Wie lässt sich dieses Sprechen und doch Schweigen miteinander vereinbaren? Der Theologe Karl Barth antwortete auf diese Frage in der Zeit des Kalten Kriegs mit den Worten: Aushalten und Ertragen! Das sind große, wenn nicht sogar zentnerschwere Worte. Aushalten und Ertragen. Wie jedoch kann ich diese unauflösbare Spannung zwischen Sprechen und Schweigen, zwischen Wüten und Jubeln, aushalten und ertragen und dabei nicht zerbrechen? Wie kann ich meinen mir Nächsten gegenüber dennoch nah und zugewandt bleiben? Wie kann ich da auch ganz bei mir bleiben?

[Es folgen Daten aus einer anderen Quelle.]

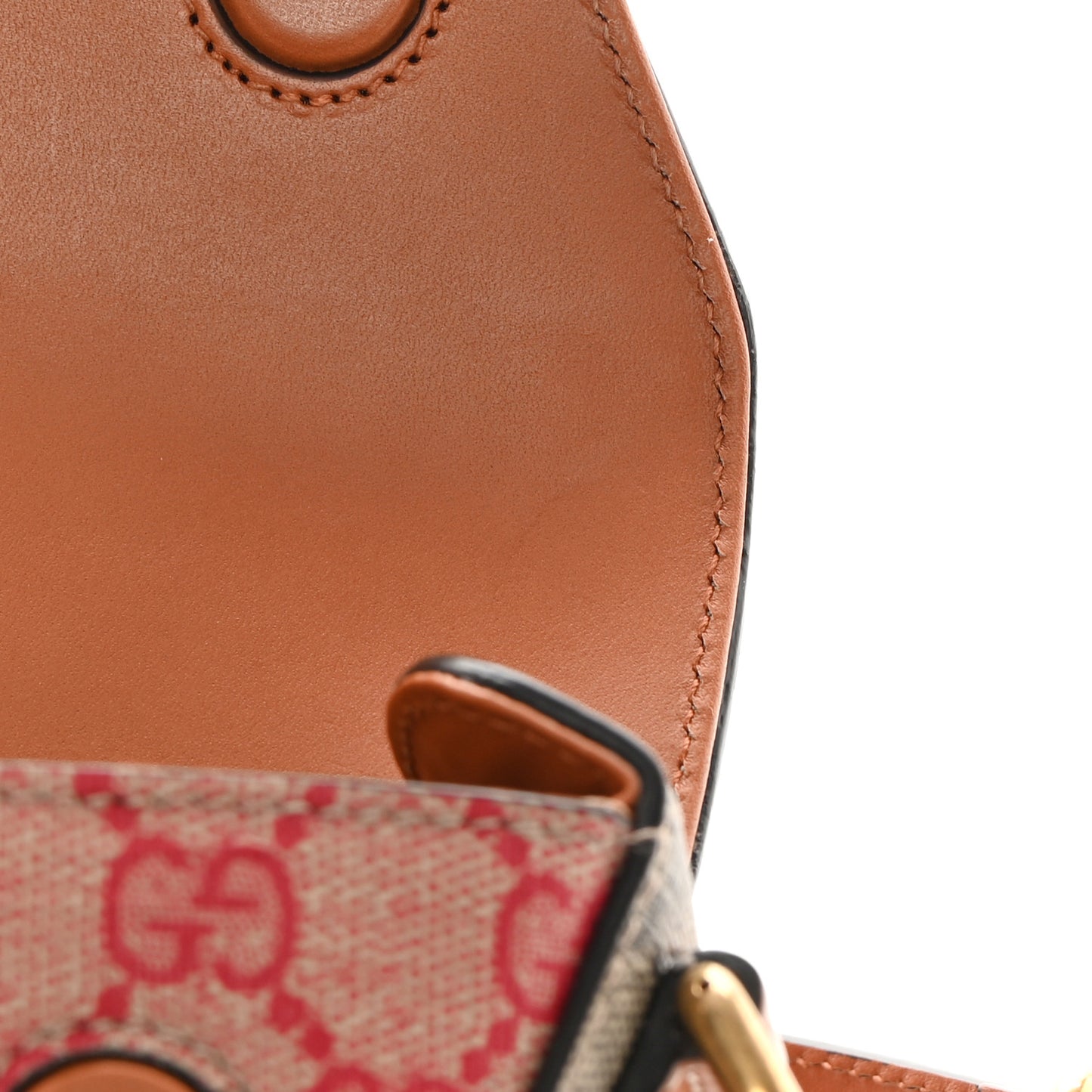 X DANS LE VERT GG Supreme Monogram Cuoio Web Mini Retro Interlocking G Top Handle Beige Rosso Ebony Harness Brown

Der heutige Predigttext gibt uns ein Versprechen: Jesus ist „schon nahe“. Er ist schon nahe dem Ort, an dem sich alles verändern wird. Er ist schon nahe dort, wo sich alle Hoffnungen bündeln. Er ist schon nahe, die Hoffnungen zu erfüllen. Wo Jesus Christus nahe bei uns ist, da erschallt Jubel, da ertönt ein Grollen. Wo Jesus Christus ganz nah ist, da treffen die Spannungsfelder aufeinander. Wir sind nicht mehr allein im Aushalten der Spannungen. Wir sind nicht mehr allein im Ertragen der Zerrissenheit! Jesus Christus kommt, uns beizustehen!

Diese Nähe Jesu Christi schenkt mir Trost. Aus diesem Trost schöpfe ich Kraft. Diese Kraft lässt mich mutig werden, meine Stimme zu erheben. Da erinnere ich mich an die Worte aus dem Kolosserbrief: „Lasst das Wort Christi reichlich unter euch wohnen: Lehrt und ermahnt einander in aller Weisheit; mit Psalmen, Lobgesängen und geistlichen Liedern singt Gott dankbar in euren Herzen.“

Die Worte Christi sind Liebe und Vergebung. In ihnen ist das Reich Gottes. Es ist schon angebrochen, es herrscht schon mitten unter uns. Auch und gerade in der Spannung, die es auszuhalten und zu ertragen gilt. Ohne diese Liebe und diese Vergebung jedoch droht das Aushalten und Ertragen zu erstarren in Frustration, Kälte und Abscheu. Beides – Liebe und Vergebung – rufen laut danach, dass wir im Glauben an Jesus Christus einander begegnen in Erbarmen, Freundlichkeit, Demut und Sanftmut und in Geduld. Alle diese sind große Worte, große Haltungen und große Taten. Doch wenn ich nur das kleine Korn in ihnen suche und der leisen Stimme nachgehe, dann finde ich im Aushalten und Ertragen der Spannung vielleicht und ganz bestimmt das Reich Gottes. Ich nehme mir das Wort der Liebe zu Herzen und beantworte Worte des Hasses mit Worten der Sanftmut. Das wütende Schreien verzweifelter Menschen umfange ich mit meiner Freundlichkeit, die Erbarmen sucht. Geduldig und voller Sanftmut suche ich Wege der Vergebung, wo vorher Anklage den Hass schürte. Denn wenn ich schweige, werden die Steine es verkünden mit lauter Stimme.